You Can Glitch Your Way Into Halo Infinite's Cancelled Split-Screen Co-Op
Halo Infinite may have started strong, but for many fans of the shooter series, the ongoing experience of the newest title has been one detailed by disappointed.
The launch of the game's multiplayer was massive, and it truly felt like Halo was back for good - but it became clearer with every day that the game simply wasn't finished. 343 Industries wasn't content to patch up its mistakes as it went, leaving the title feeling like a work in progress rather than the absolute blast it should have been.
One of the most disappointing omissions was the lack of a co-op campaign, which was supposed to be a big draw in the first place - and for split-screen co-op it'll never arrive. Luckily, though, some players have found a way to hack into the mode regardless.
Can You Play The Halo Infinite Split-Screen Co-Op?
It seems that split-screen co-op is possible in-game and that 343 Industries is simply withholding it, as some players are able to glitch their way into an operable version of the mode.

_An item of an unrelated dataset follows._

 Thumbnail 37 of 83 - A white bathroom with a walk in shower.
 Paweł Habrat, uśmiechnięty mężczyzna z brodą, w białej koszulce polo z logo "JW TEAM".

Eurogamer has managed to spot a tweet that reveals the glitch as an exploit in the game's menu, making this a relatively simple process for players to crack Halo Infinite and play with their pals without sharing a couch. The video posted to Twitter shows off exactly how to complete the glitch in full, and it's surprisingly easy for a mode that has been withheld from the public.
Is There Any Saving Halo Infinite?
If you were holding out for 343 to do a U-turn and add split-screen co-op, chances are you could be waiting forever- because 343 Industries can't stop haemorrhaging staff. The Halo series' lead developer of the Slipspace Engine David Berger recently announced his departure, and this news came only shortly after the announcement that the founder of 343, Bonnie Ross herself, would be stepping away from her role.
After the disaster of Halo 5: Guardians, we were once promised that every Halo would have split-screen co-op. The lack of the fan-favourite mode feels like a middle-finger to many. Who knows what the impact of these latest resignations will be on the development of Halo's general co-op campaign and its supposed November release, but it can't be good. Sorry, team - it looks like we'll be exploiting the game a little while longer.